[STUDY MATERIAL — start]
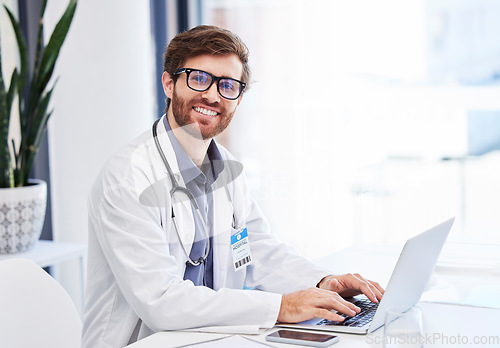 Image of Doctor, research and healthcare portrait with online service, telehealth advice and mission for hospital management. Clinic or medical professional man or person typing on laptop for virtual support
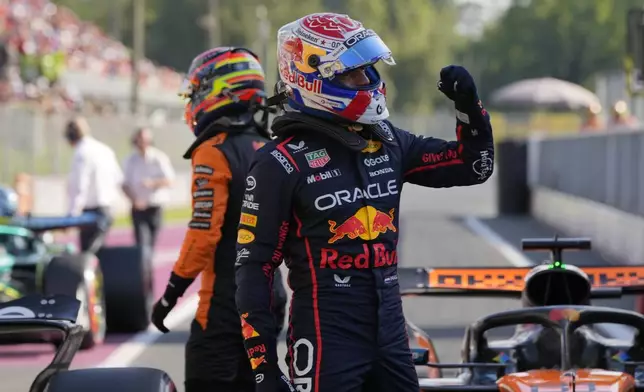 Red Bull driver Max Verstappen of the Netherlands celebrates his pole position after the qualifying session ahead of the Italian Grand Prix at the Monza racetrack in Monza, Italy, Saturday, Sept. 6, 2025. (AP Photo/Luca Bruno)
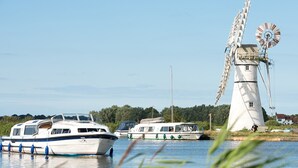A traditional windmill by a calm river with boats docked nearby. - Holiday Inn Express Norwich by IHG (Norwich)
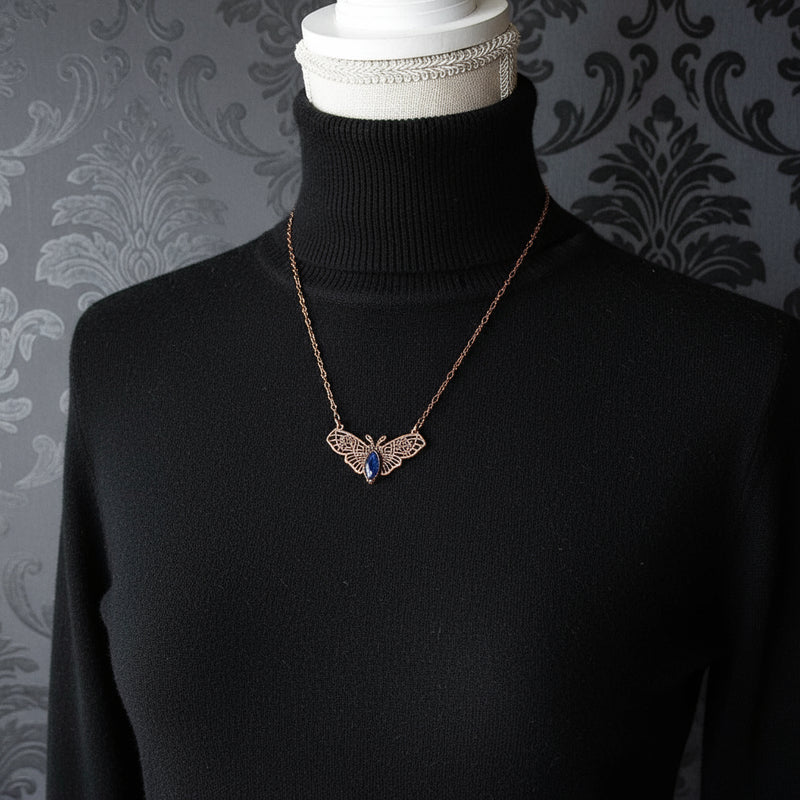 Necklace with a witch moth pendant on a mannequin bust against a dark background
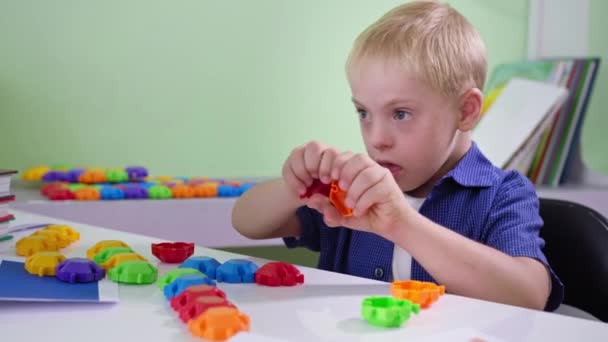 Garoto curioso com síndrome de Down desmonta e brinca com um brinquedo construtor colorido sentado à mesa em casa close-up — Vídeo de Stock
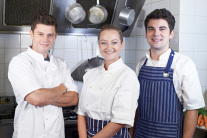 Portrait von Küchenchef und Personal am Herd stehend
[STUDY MATERIAL — finish]
#### [ABOUT THIS TASK]
Apart from the pictures, every line above must be printed exactly.

#### [RESULT OF THE TASK]
 Image of Doctor, research and healthcare portrait with online service, telehealth advice and mission for hospital management. Clinic or medical professional man or person typing on laptop for virtual support
 Red Bull driver Max Verstappen of the Netherlands celebrates his pole position after the qualifying session ahead of the Italian Grand Prix at the Monza racetrack in Monza, Italy, Saturday, Sept. 6, 2025. (AP Photo/Luca Bruno)
A traditional windmill by a calm river with boats docked nearby. - Holiday Inn Express Norwich by IHG (Norwich)
 Necklace with a witch moth pendant on a mannequin bust against a dark background
 Garoto curioso com síndrome de Down desmonta e brinca com um brinquedo construtor colorido sentado à mesa em casa close-up — Vídeo de Stock
 Portrait von Küchenchef und Personal am Herd stehend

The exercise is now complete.